-- Supplied data follows --
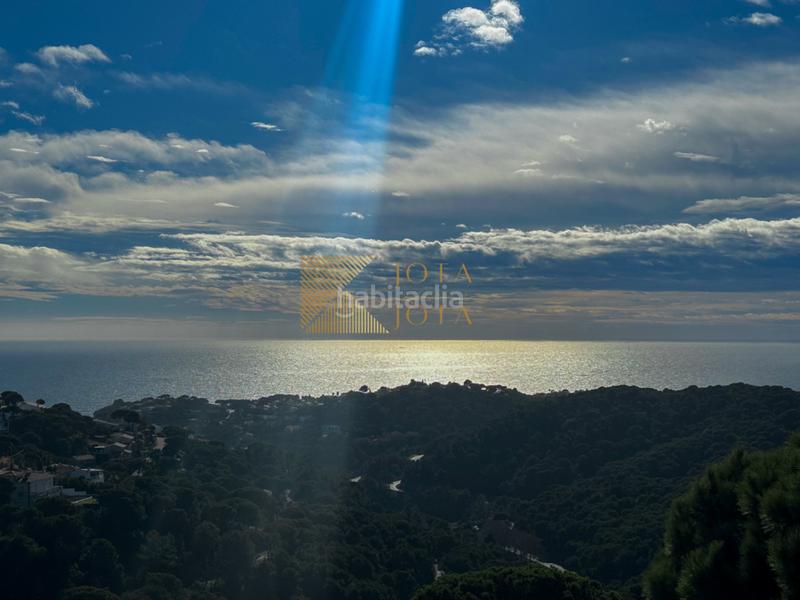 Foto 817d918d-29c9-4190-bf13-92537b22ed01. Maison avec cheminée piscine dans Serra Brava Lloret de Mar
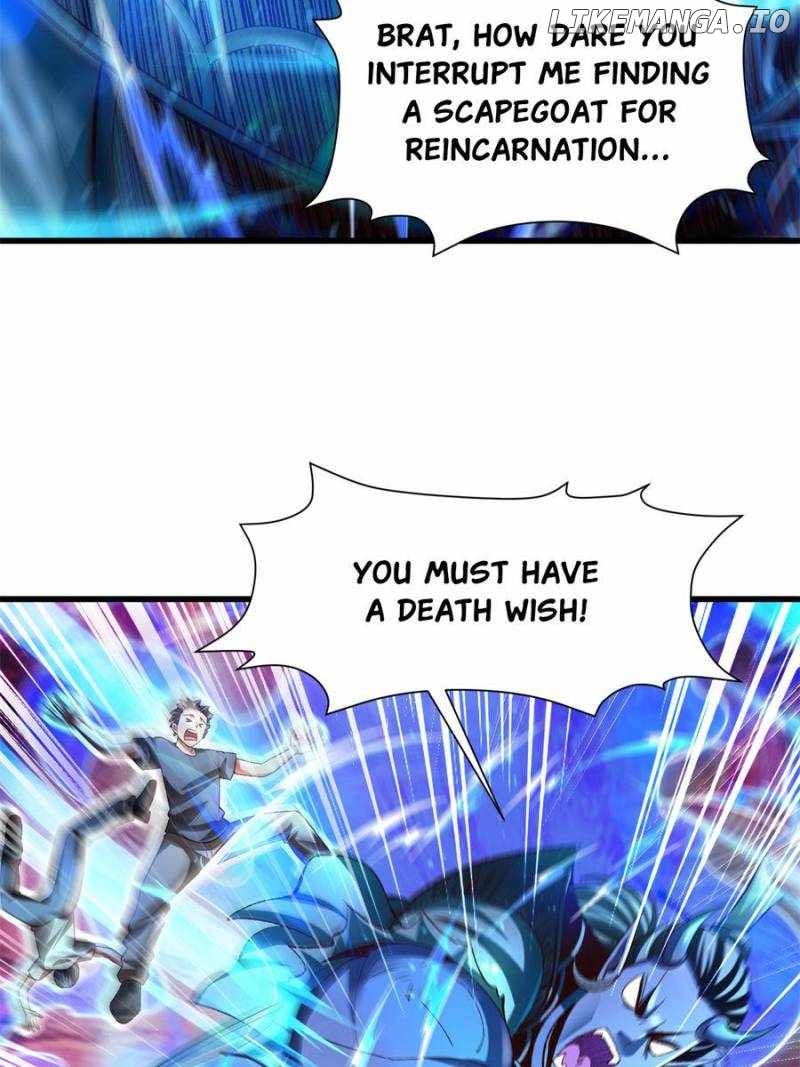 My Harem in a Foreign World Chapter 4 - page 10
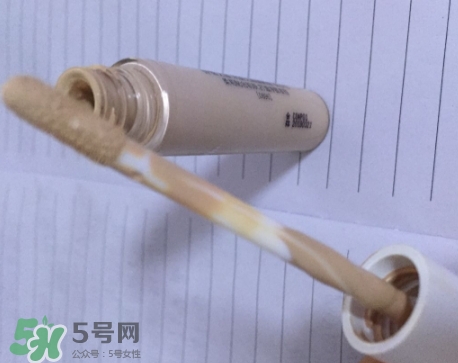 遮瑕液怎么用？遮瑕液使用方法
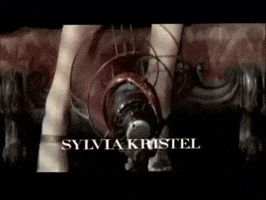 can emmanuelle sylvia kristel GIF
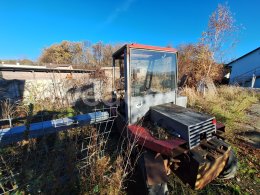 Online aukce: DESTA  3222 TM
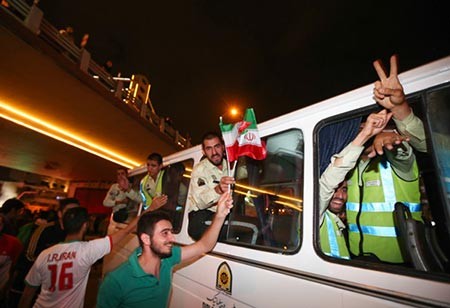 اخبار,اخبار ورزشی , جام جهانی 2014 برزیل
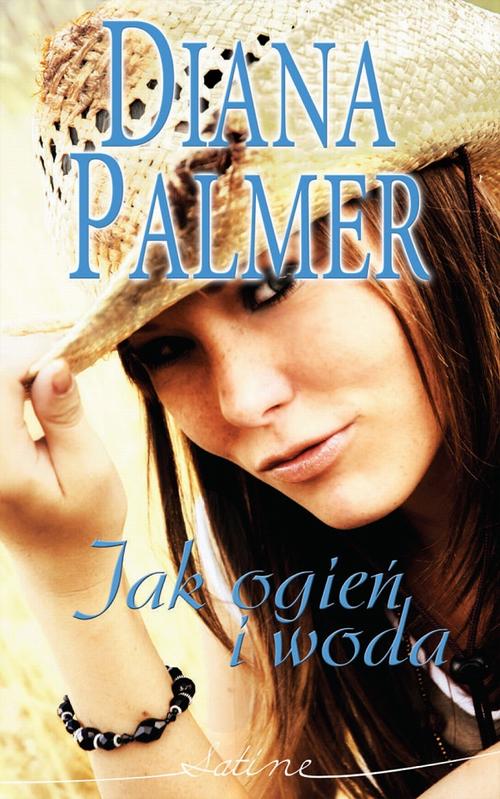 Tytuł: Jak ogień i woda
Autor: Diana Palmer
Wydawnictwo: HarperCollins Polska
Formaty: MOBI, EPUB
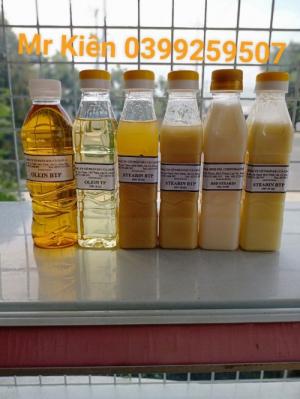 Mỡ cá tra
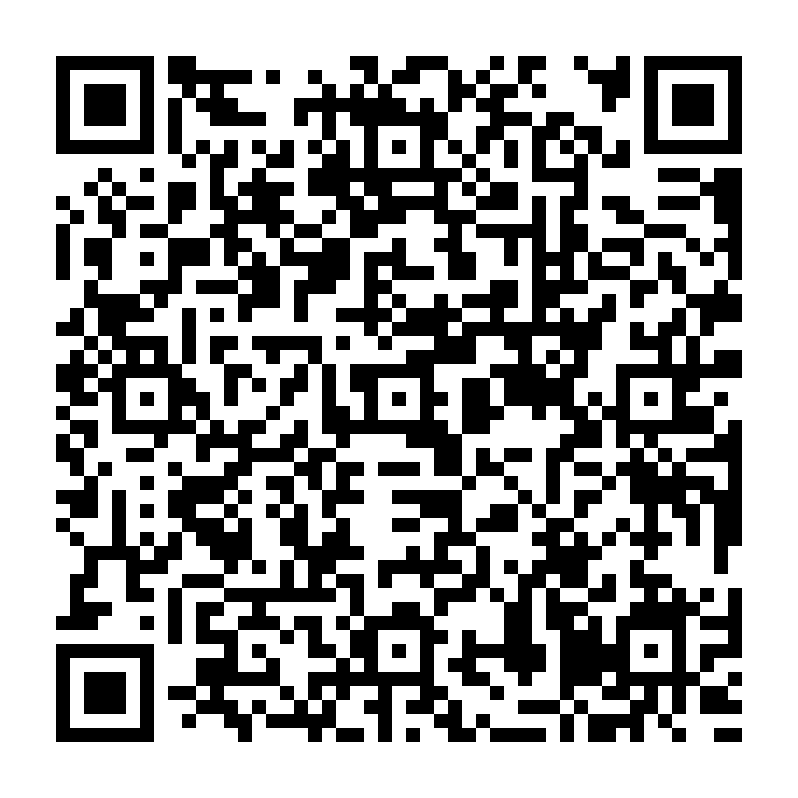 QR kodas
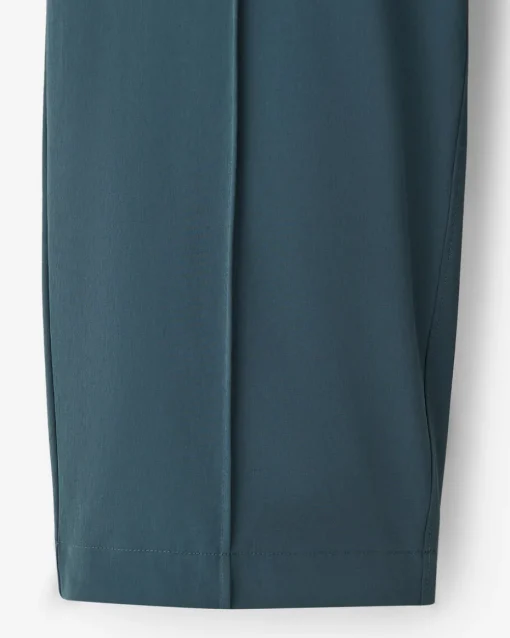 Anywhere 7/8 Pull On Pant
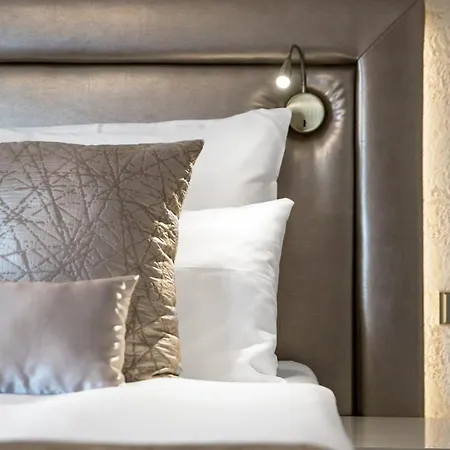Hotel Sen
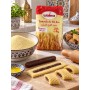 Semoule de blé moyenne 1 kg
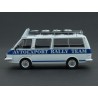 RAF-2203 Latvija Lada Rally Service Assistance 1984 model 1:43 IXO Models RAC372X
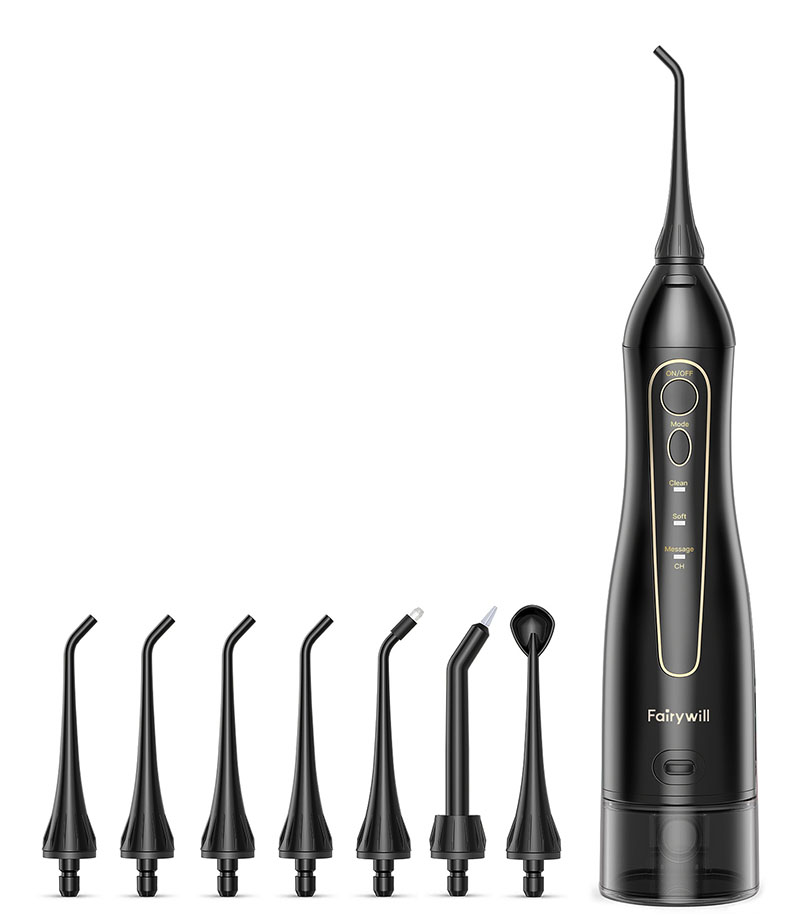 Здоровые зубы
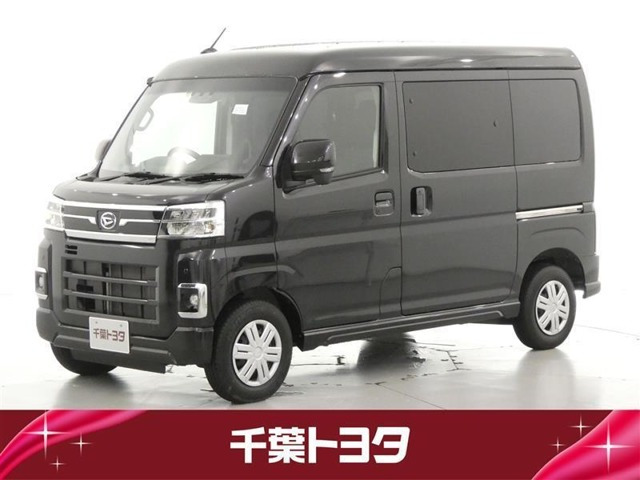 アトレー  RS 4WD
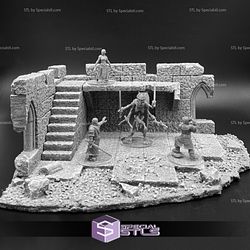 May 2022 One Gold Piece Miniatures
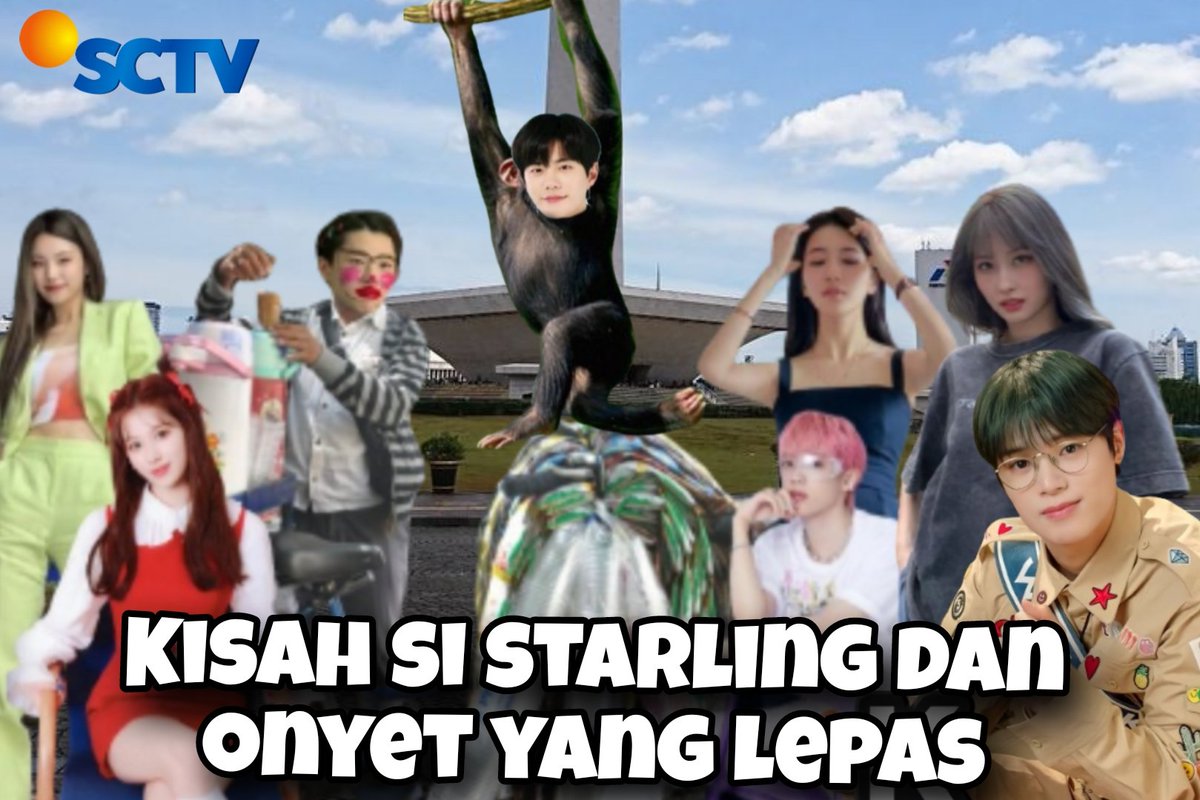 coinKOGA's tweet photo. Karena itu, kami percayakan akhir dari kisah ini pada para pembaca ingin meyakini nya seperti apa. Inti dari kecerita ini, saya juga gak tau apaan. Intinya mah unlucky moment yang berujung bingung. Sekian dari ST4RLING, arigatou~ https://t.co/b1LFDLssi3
-- Supplied data concluded --
▶ [Problem] Repeat each record exactly, with the pictures left out.

▶ [Problem solution]
 Foto 817d918d-29c9-4190-bf13-92537b22ed01. Maison avec cheminée piscine dans Serra Brava Lloret de Mar
 My Harem in a Foreign World Chapter 4 - page 10
 遮瑕液怎么用？遮瑕液使用方法
 can emmanuelle sylvia kristel GIF
 Online aukce: DESTA  3222 TM
 اخبار,اخبار ورزشی , جام جهانی 2014 برزیل
 Tytuł: Jak ogień i woda
Autor: Diana Palmer
Wydawnictwo: HarperCollins Polska
Formaty: MOBI, EPUB
 Mỡ cá tra
 QR kodas
 Anywhere 7/8 Pull On Pant
Hotel Sen
 Semoule de blé moyenne 1 kg
 RAF-2203 Latvija Lada Rally Service Assistance 1984 model 1:43 IXO Models RAC372X
 Здоровые зубы
 アトレー  RS 4WD
 May 2022 One Gold Piece Miniatures
 coinKOGA's tweet photo. Karena itu, kami percayakan akhir dari kisah ini pada para pembaca ingin meyakini nya seperti apa. Inti dari kecerita ini, saya juga gak tau apaan. Intinya mah unlucky moment yang berujung bingung. Sekian dari ST4RLING, arigatou~ https://t.co/b1LFDLssi3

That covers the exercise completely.